Однако, в остальном карьера Дрокми была совершенно нехарактерна для первых переводчиков. В отличие от других по происхождению он был из кочевников, а не из аристократов или хотя бы оседлых земледельцев. Дрокми был незурядной личностью во многих отношениях, причем его скупость и требования оплачивать ритуалы посвящения и обучение большим количеством золота и другими дарами уже в те времена приобрели характер легенды. Эта грань его личности со временем нашла отражение в популярной тибетской литературу, где Дрокми представлен как наиболее типичный образ алчного ламы2. Опасаясь конкуренции, он умолял своего индийского компаньона не передавать ламдре кому-либо еще из тибетцев, тем самым обеспечивая себе монополию на это самое эзотерическое из всех тогдашних учений. Кроме того, он не позволял никому из своих учеников получать от него весь спектр знаний, следя за тем, чтобы те, кто изучал медитативные наставления, не получали доступа к обширному литературному корпусу и наоборот. Действуя как искусный стратег, он таким образом раздробил свое духовное наследие и подавил неконтролируемые устремления своих учеников. Т.е. ламдре в его нынешнем виде представляет собой результат личных манипуляций Дрокми с этой системой и неспособности его учеников как-либо противостоять такой деятельности.

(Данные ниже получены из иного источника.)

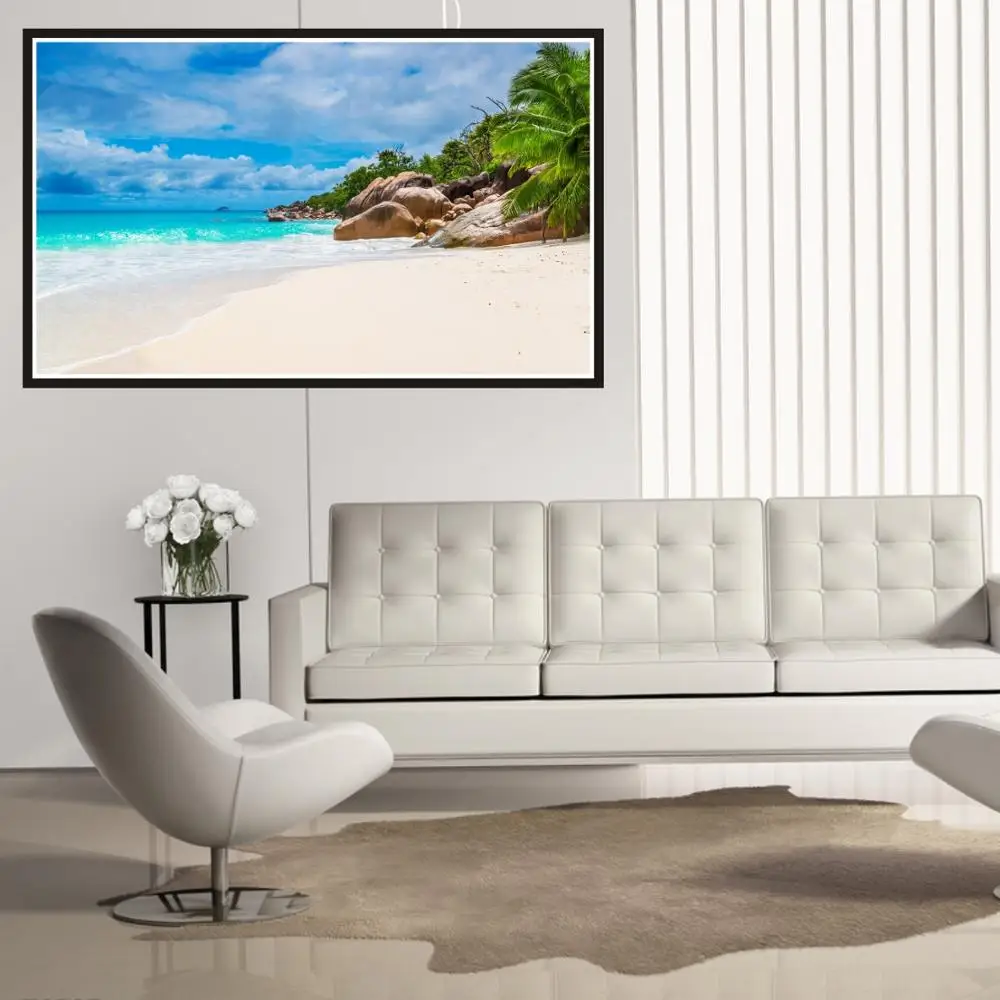 Maldive Morning Decorative Tropical Scenic Travel Photography Poster Print Wall Art Picture Home Decoration | Дом и сад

В этой главе достаточно подробно рассматривается жизнь и деятельность Дрокми Шакьи Еше и его главного партнера по привнесению систем Хеваджры в Тибет Каястхи Гаядхары3. Здесь также переводится и обсуждается центральная летопись сакьяпы «Хроника Тибета» Дракпы Гьелцена, при этом проводится исследование на предмет того, что в ней отражено, а что умалчивается. Мы также рассмотрим содержание главного эзотерического текста, который Дрокми, как считается, перевел вместе с Гаядхарой – работы под названием «Коренной текст *маргапхалы». Его полный перевод приводится в Приложении 2, хотя едва ли он будет понятен без комментариев. В качестве необходимого подведения итогов, мы проведем исследование последующего разделения системы ламдре на линию ближней передачи и практики текста ламдре, известную как «метод обучения» (*upadesanaya: man ngag lugs), и линию передачи, поддерживающую «метод разъяснения» (*vyakhyanaya: bshad lugs), который включал в себя экзегезу Хеваджра-тантры и сопутствующую литературу. Кроме того, в главе рассматриваются прочие заслуги Дрокми, в том числе остальные его переводы, восприятие им того, что в конечном счете получило название «Девять циклов пути» (lam skor dgu), а также его совместная деятельность с широким кругом других индийских ученых.